We are often presented with unprecedented situations and circumstances in our lives. These situations, I understand are often the root, the bridge to a lot of other things, like the awry chain of thoughts. Anyways, what I intend to say today, in this letter to you is something which I expect you would take in the right spirit.

For days now, I have been battling a lot of things, justified or baseless, I don’t really know, but you know how it’s with thoughts- at times they just flow, not afraid of rejection or reprimand. You may again and again and again blame me for being wrong or thinking too much, or thinking unnecessarily, but believe me, at times, subconsciousness does play a role and it may not be ideal to out-rightly reject some hypothesis just because one’s long-standing point of view differs from it.

This would be my last letter to you in a very long time.

Eventually, we reached the point of no return. That broke me, into too many pieces.

So, before you react, pause for a moment. Think how everything transpired. Imagine the following scenario- once, there were two people. For some time, they lived in proximity of each other without being attentive to each other’s existence. However, as is the case with soul-mates, eventually they did find each other.

Now mind you, as far as soul-mates are concerned, I have read many times that there never is just one. In our journeys, we meet a few different ones and with each one there is a certain powerful magic at work. For our two people too, there was magic, a beautiful spark, quite some connection. 

There was a promise for an eternity that rests on their fingers even today (they had promised that they would keep it there till they become one with nature).
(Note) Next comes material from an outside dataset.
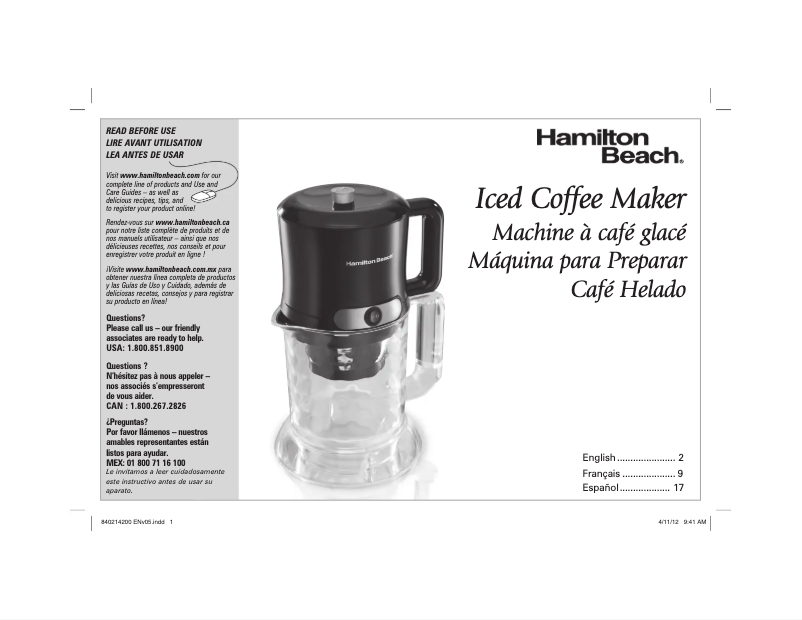 Page n°1 - Manuel utilisateur Hamilton Beach 40913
So, holding that promise and togetherness, they travelled through days. They learnt, grew, helped each other be better versions of themselves. Then, there arrived the moment of reckoning- they didn’t want to see, but signs were strewn all around them which indicated that their time together was over.

These signs, wrapped in form of friction and negativities,  misunderstandings were confusing as well as intimidating. It gradually led them to a zone very different from the one which they had become habitual to from love to loveless-ness. Maybe providence was trying to tell them that their time together was spent, over. This meant, overstaying would only have caused damage.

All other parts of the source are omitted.